Difference between revisions of "Binary relation"

Revision as of 18:13, 30 November 2007

A binary relation is a relation which relates pairs of objects.

Thus, the relation $\sim$ of triangle similarity is a binary relation over the set of triangles but the relation $R(x, y, z) = \{(x, y, z) \mid x, y, z \in \mathbb{Z}_{>0}, x\cdot y = z\}$ which says $x\cdot y$ is a factorization of $z$ over the positive integers is not a binary relation because it takes 3 arguments.

Formal Definition and Notation

Formally, we say that a relation $\mathfrak{R}$ on sets $A$ and $B$ is a subset of $A \times B$ (the Cartesian product of $A$ and $B$ ). We often write $a \, \mathfrak{R} \, b$ instead of $(a,b) \in \mathfrak{R}$ . If $A=B$ (the case of most common interest), then we say that $\mathfrak{R}$ is a relation on $A$ .

Thus, in the example of $\sim$ above, we may let $\sim$ be the set of ordered pairs of triangles in the Euclidean plane which are similar to each other.

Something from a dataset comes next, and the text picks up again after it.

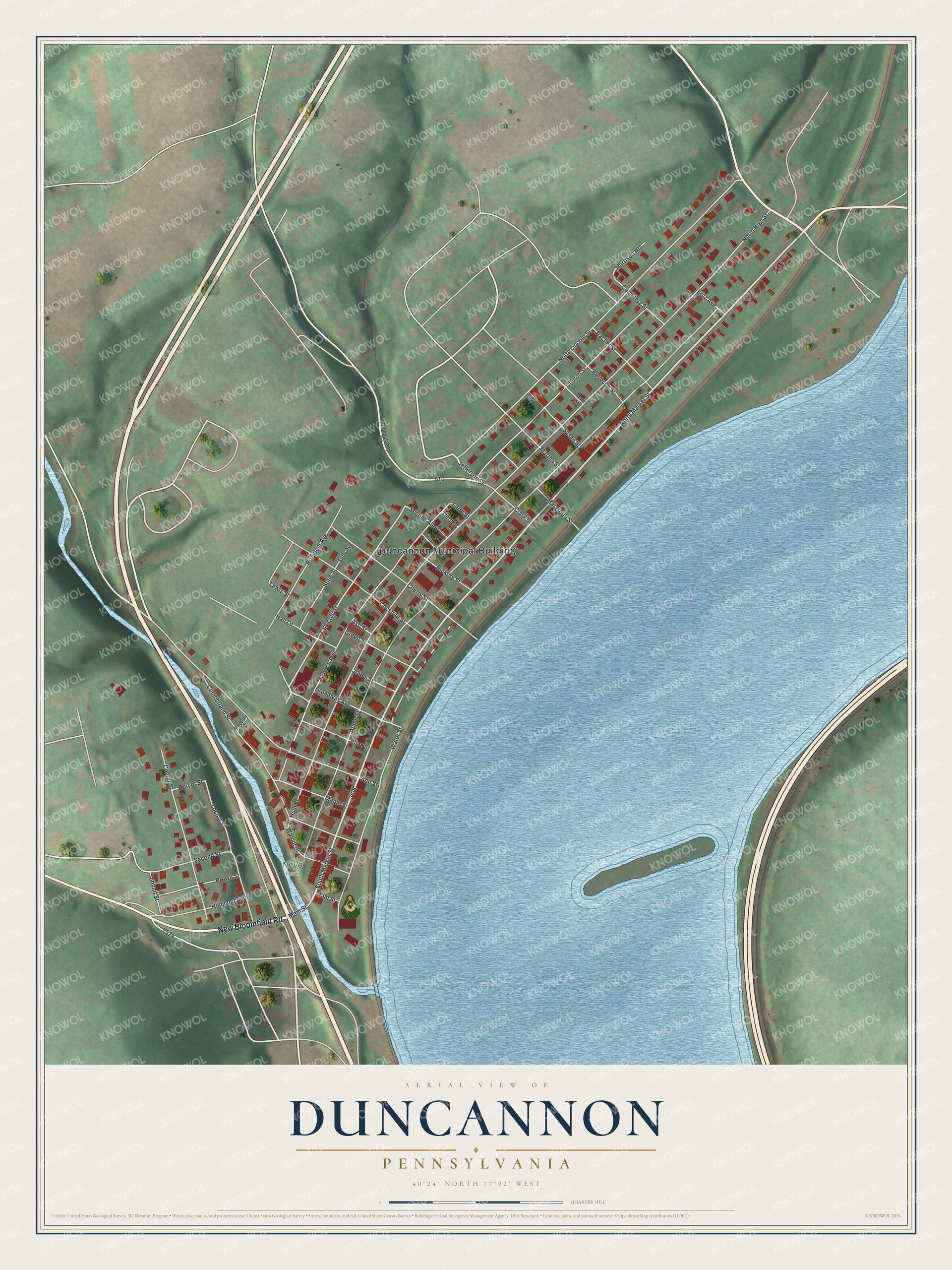 Full map of Duncannon, Pennsylvania, with red buildings, printed street names and the land around them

We could also define a relation $\leq$ on the power set of a set $S$ , so that $(A,B) \in \leq$ , or $A\leq B$ , if and only if $A$ and $B$ are subsets of $S$ and $A$ is a subset of $B$ . This is a common example of an order relation.

Domain and Range

The domain of a binary relation $\mathfrak{R}$ over $A$ and $B$ , written $\text{Dom}(\mathfrak{R})$ , is defined to be the set $\{x \in A | (\exists y \in B)(x,y) \in \mathfrak{R}\}$ . It is thus the set of the first components of the ordered pairs in $\mathfrak{R}$ .

The range of a binary relation $\mathfrak{R}$ over $A$ and $B$ , written $\text{Ran}(\mathfrak{R})$ , is defined to be the set $\{y \in B | (\exists x \in A)(x,y) \in \mathfrak{R}\}$ . It is thus the set of the second components of the ordered pairs in $\mathfrak{R}$ .

Reflexivity, Symmetry and Transitivity

A binary relation $\mathfrak{R}$ over $A$ is defined to be reflexive if $(\forall a \in A)(a \mathfrak{R} a)$ .

A binary relation $\mathfrak{R}$ over $A$ is defined to be symmetric if $(\forall (a,b) \in A^2)((a \mathfrak{R} b) \rightarrow (b \mathfrak{R} a))$ .

A binary relation $\mathfrak{R}$ over $A$ is defined to be anti-symmetric if $(\forall (a,b) \in A^2)(((a \mathfrak{R} b) \wedge (b \mathfrak{R} a)) \rightarrow (a = b))$ .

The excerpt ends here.